There is a solution to this, called the Diffie-Hellman Key Exchange Protocol.
Basically this works by having each party generate a secret number (which they keep secret).
They then generate a "public key" by doing this calculation:
public = g ^ private (mod p)
That is, a generator (2 is a possible good choice) is raised to the power of the private key, modulus a large prime number p.
The two parties exchange their public keys.
Now they can each find a shared number by doing this calculation:
shared = other_public_key ^ my_private_key (mod p)
For example, given a generator of 2, and a prime number:
Prime number = 1012885251643 ("EBD4AA663B" in hex)
Generator = 2
Alice generates a secret key = 79C68E818 (eg. by hashing a randomly chosen phrase)
Alice works out her public key by doing this:
print (aes.dh ("2", "79C68E818", "EBD4AA663B" )) --> 7D458DBEF3
Alice sends this number (7D458DBEF3) to Bob.
Meanwhile, Bob generates a secret key = 49560AEC2
Bob works out his public key by doing this:
print (aes.dh ("2", "49560AEC2", "EBD4AA663B" )) --> 7D8A6551EE
Bob sends this number (7D8A6551EE) to Alice.
Alice can now work out the shared key by using Bob's public key (7D8A6551EE) and her secret key (79C68E818):
print (aes.dh ("7D8A6551EE", "79C68E818", "EBD4AA663B" )) --> 317261C804
Bob can also work out the shared key using Alice's public key (7D458DBEF3) and his secret key (49560AEC2):
print (aes.dh ("7D458DBEF3", "49560AEC2", "EBD4AA663B" )) --> 317261C804
Notice how at the end of this session, both Alice and Bob have arrived at the same shared secret (317261C804).
This can now be used by both of them for encrypting messages to each other.
The strength of this system is based on the problem of working out what the exponent must have been in the original calculation.

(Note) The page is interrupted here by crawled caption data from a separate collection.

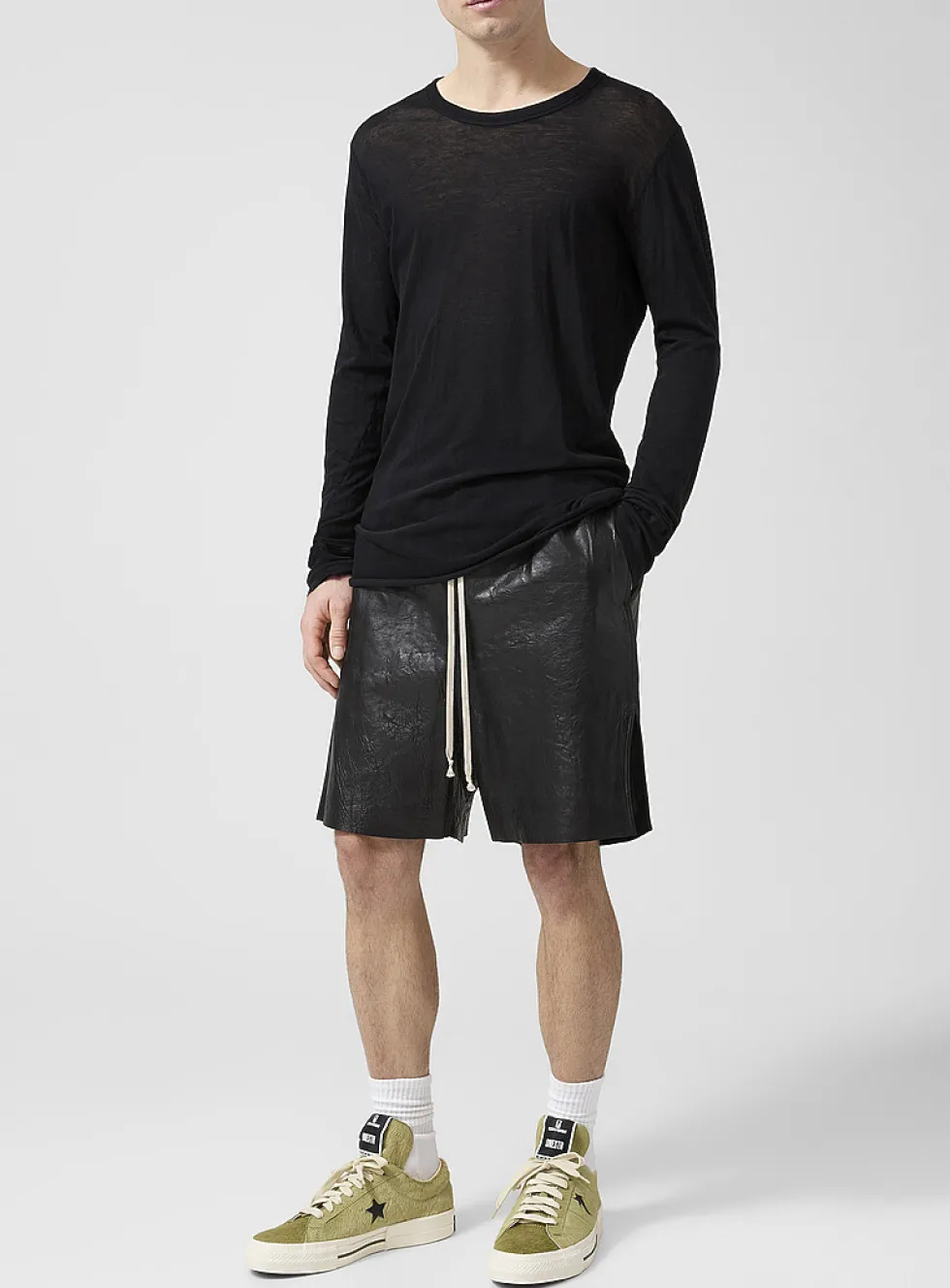 Lambskin leather long short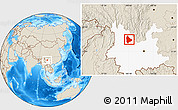 Shaded Relief Location Map of Yongsheng, highlighted parent region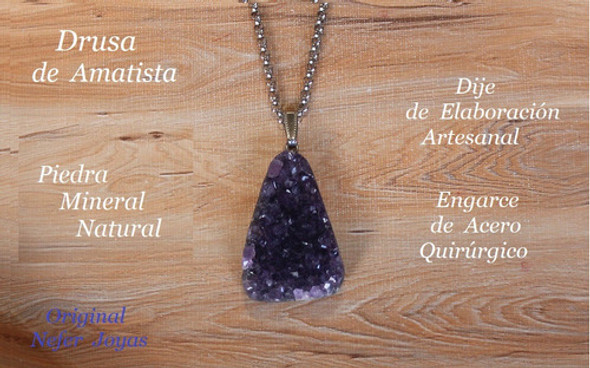 Drusa De Amatista Natural En Bruto Amatista Violeta Collar 1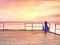 Empty dock, calm sea and sky background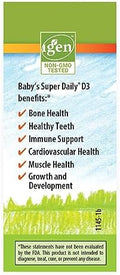 Carlson Baby's PlantBased Super Daily D3 Baby Vegetarian Liquid Vitamin D Drops 400 IU (10 mcg) per Drop Sourced from Algae for Infants and Toddlers Unflavored 90 Drops (2.54 mL)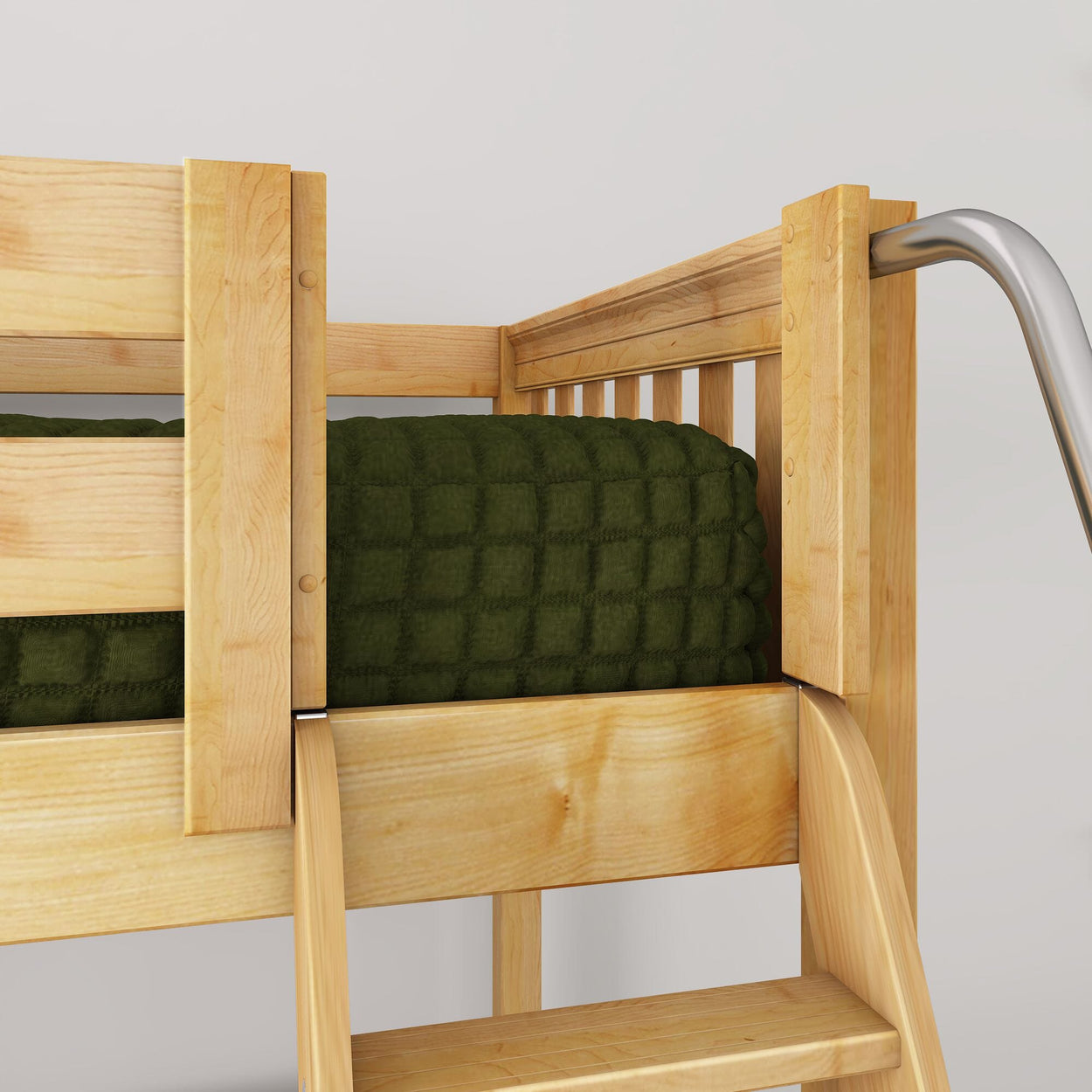 CHAP NS : Standard Loft Beds Twin Mid Loft Bed with Angled Ladder on Front, Slat, Natural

In practice, larger prime numbers are needed, otherwise an adversary to simply do an exhaustive search to find the key.
One method I have found of generating large prime numbers is to obtain GPG (Gnu Privacy Guard) and type this:
Output: BA0BB972EED88B2B2D8FB3BAB587CFA9FC5811DAE457C88BADB8690DB5D494EC6D91D6
B29F59EEECB42E4494A48F072AB61A490562F7E631D768E986EF56DE17BBE19BB8FC94F6EF07C1
5409427CA726C885E68502ABED8C63B9BBBF4E1568E4C8032E43C257CA4413E98B701CA4F8BD1C
9B61BE26014073244EF552FD386B8B
That was a 1024-bit prime number. However see caveat below - the prime number is supposed to have the property that (p-1)/2 is also prime. That particular prime does not have that property. I am now using the prime number recommended for the DNS system in RFC 2539.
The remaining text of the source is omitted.